Northwest of the mountains, jihadist elements have set up camps in other spots along the Algerian border, at remote oases and near Mauritania. In addition to the ability to quickly withdraw from Mali, these positions could also allow militants to launch flanking raids on supply lines of intervening forces. South of the mountains, jihadists have been preparing munitions and arms caches that could facilitate a fighting withdrawal from positions along the Niger River to entrenched positions in the northern mountains. The prepositioned supply points would allow militants to move quickly and lightly from cache to cache. Jihadist operations south of the Niger River would support this strategy by providing depth for such a withdrawal.
Malian forces are also preparing for the upcoming intervention, but the military is still attempting to recover capabilities lost in the coup in Bamako in March. The European Union is planning to deploy some 250 trainers to prepare four battalions consisting of a total of 2,600 troops as early as February. France will lead the mission, while Spain and Germany have also pledged to send training personnel. Malian forces will also be supported by some 3,300 African troops and receive intelligence and logistical support from Western partners. Nigeria, Niger, Senegal, Burkina Faso, Togo and Benin have already put forward 2,900 of these troops. The remaining forces are expected to come from Chad or Ivory Coast.

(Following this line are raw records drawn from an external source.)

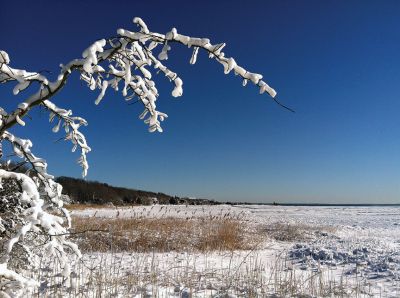 Blizzard of 2013
A more scenic side of the blizzard, Aucoot Cove on Sunday February 10. Photos by Shawn Sweet
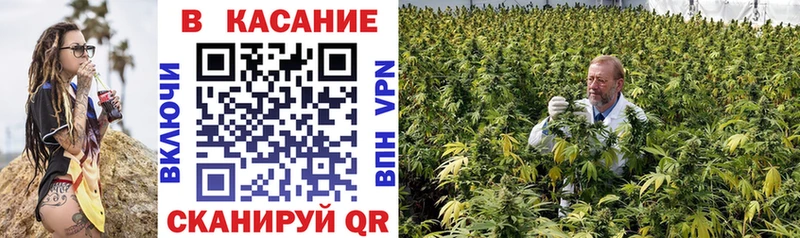 Виды наркотиков купить Дятьково Alpha-PVP  Меф мяу мяу  COCAIN  Гашиш  Амфетамин  MEGA зеркало  Конопля 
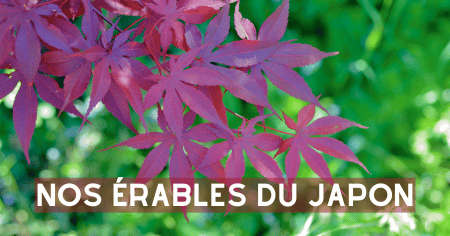 Les érables du Japon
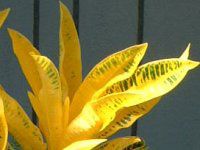 NgEoGKc(Croton variegatumj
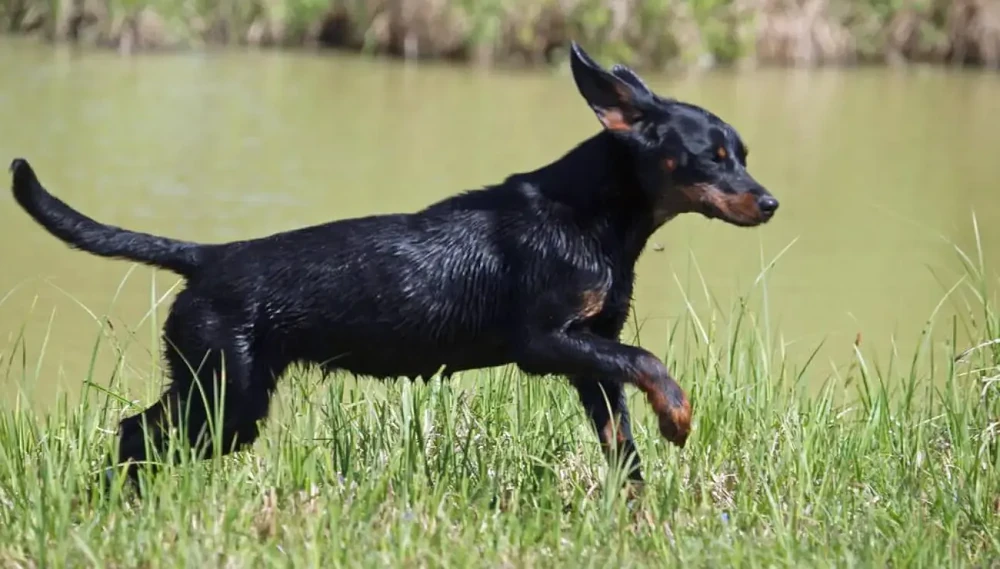 Slovenský kopov moving through a wooded area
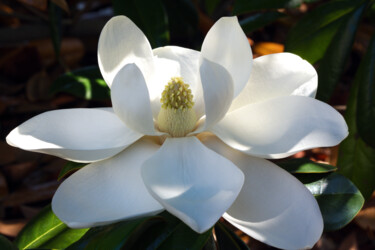 Photography titled "Magnolia Grandiflor…" by Daniel Ravel, Original Artwork, Digital Photography
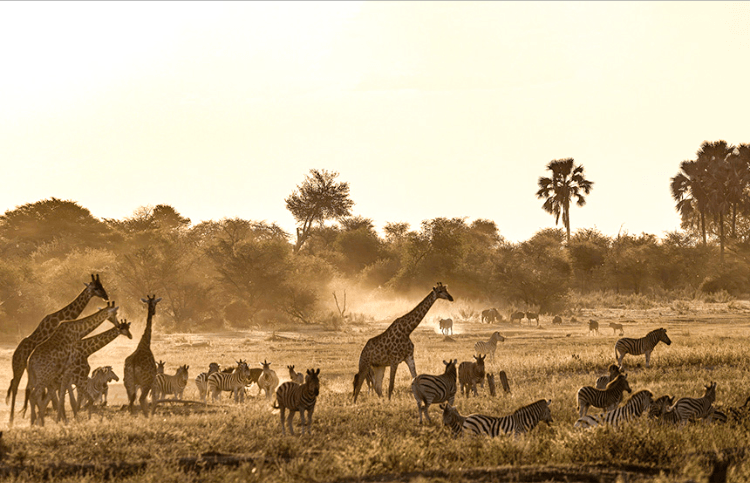 Botswana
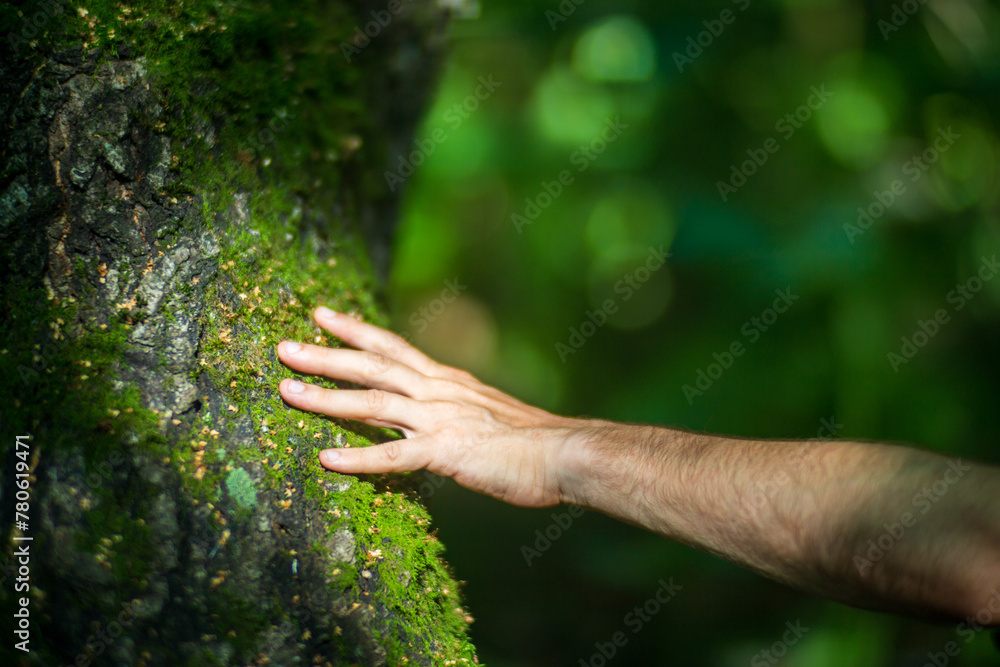 A man's hand touch the tree trunk close-up. Bark wood. Caring for the environment. The ecology concept of saving the world and love nature by human A man's hand touch the tree trunk close-up. Bark wood. Caring for the environment. The ecology concept of saving the world and love nature by human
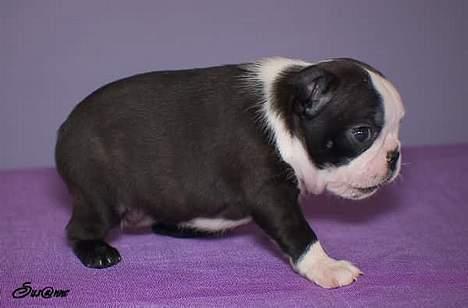 Boston terrier Please, Don`t Tease - Endelig fandt jeg da ud af at stå på mine ben..troede ellers jeg var en ny BAMBI på glatis.. billede 2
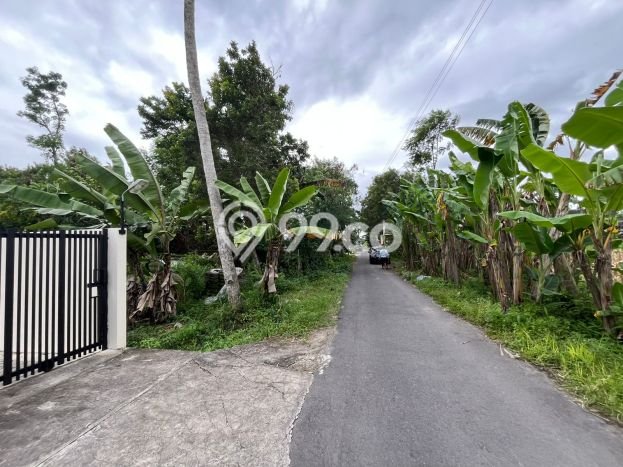 Untuk Dijual Tanah 105m2 di Sleman, Yogyakarta Untuk Dijual Tanah 105m2 di Sleman, Yogyakarta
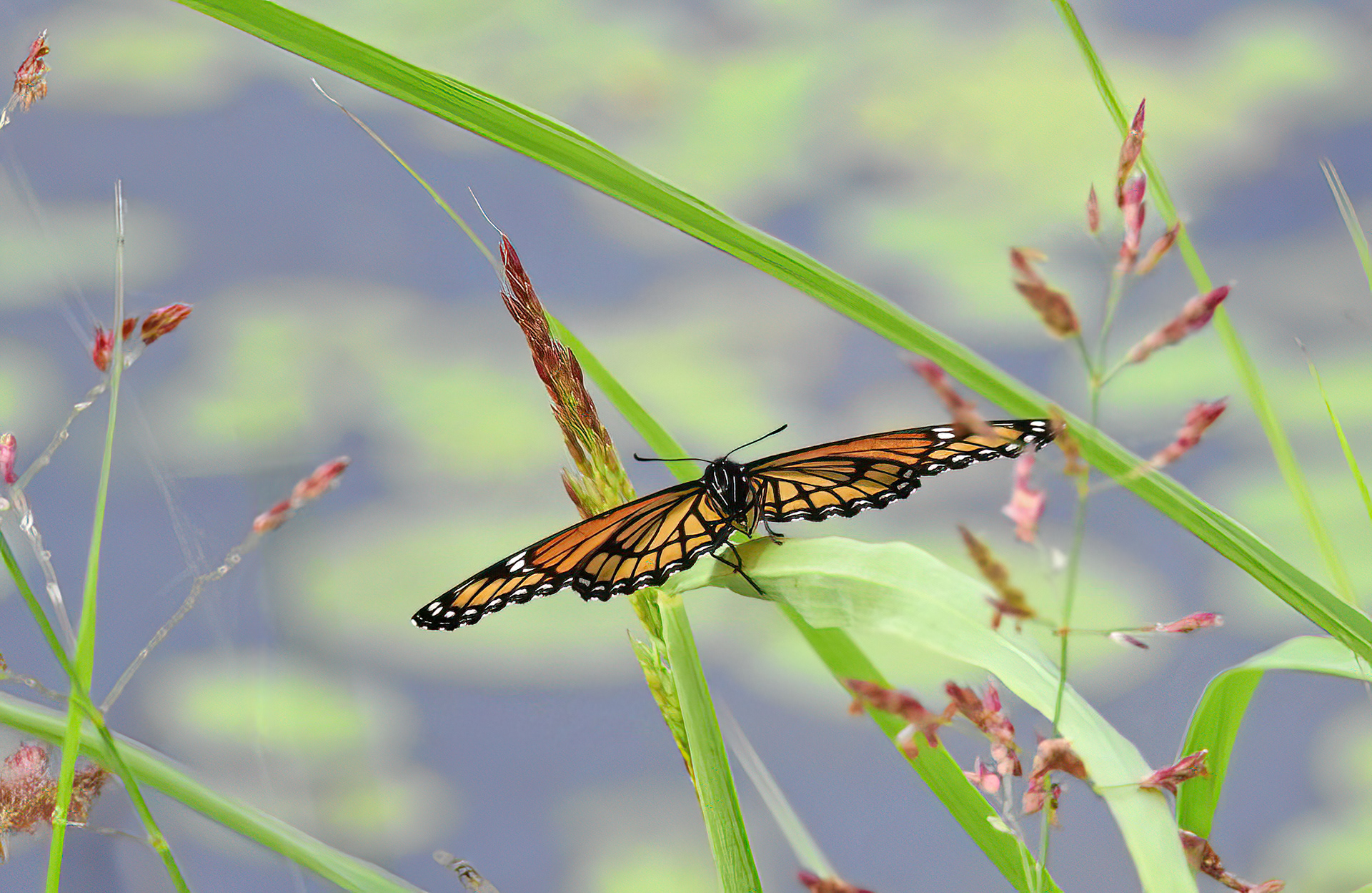 Viceroy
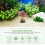 Artificial Water Plants Aquarium Fish Tank Office Plastic Greenery 11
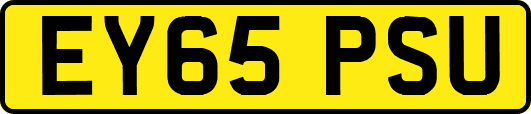 EY65PSU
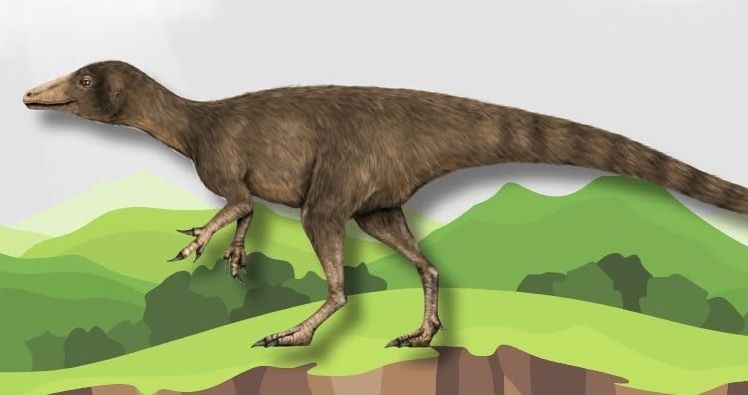  วายุแรปเตอร์ หนองบัวลำภูเอนซิส (Vayuraptor nongbualamphuens) 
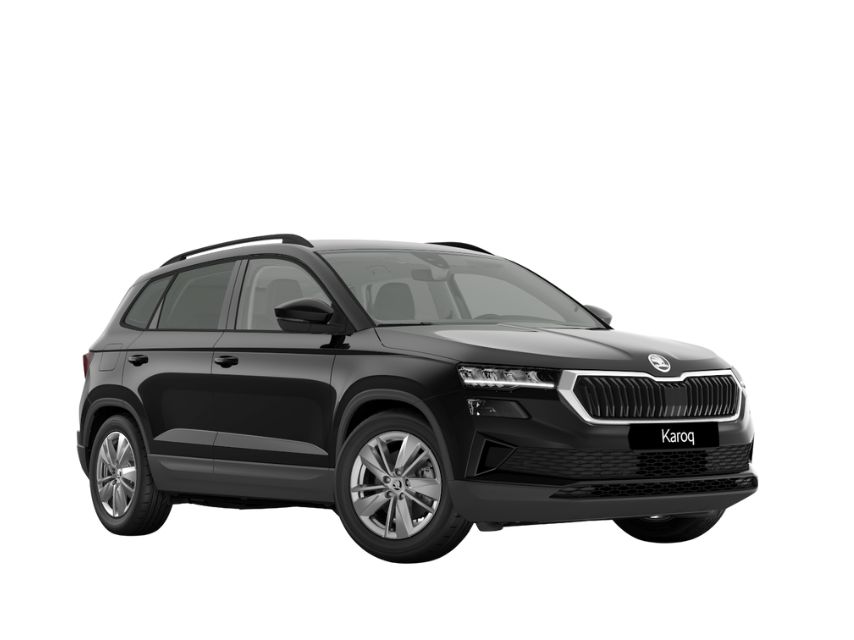 Skoda Karoq Dettaglio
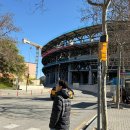 TOUR GOLFZONE 실내스크린 | 바르셀로나 FC 캄프누 투어 일정 예약 및 박물관 후기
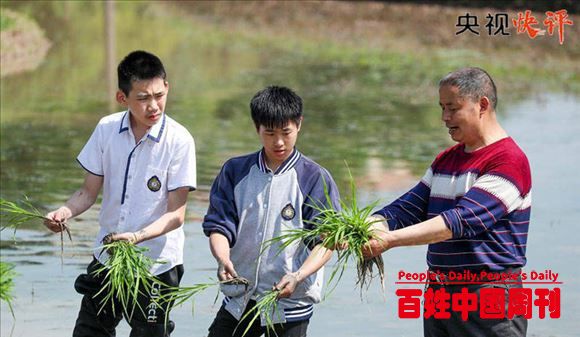 央视快评：劳动创造幸福 实干成就伟业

The Malian military has an interest in intervening sooner rather than later in order to prevent the government's legitimacy in northern Mali from being lost to Tuareg groups aligned with the jihadists. But others involved in the intervention — particularly Algeria — do not want to send forces in prematurely and risk scattering the militants, only to see them regroup intact later or elsewhere. Regardless, even if EU forces begin their instructional mission soon, it would still be months until the training is completed and West African forces are assembled and coordinated sufficiently to begin their attacks. In the meantime, al Qaeda and its proxies will continue to dig in.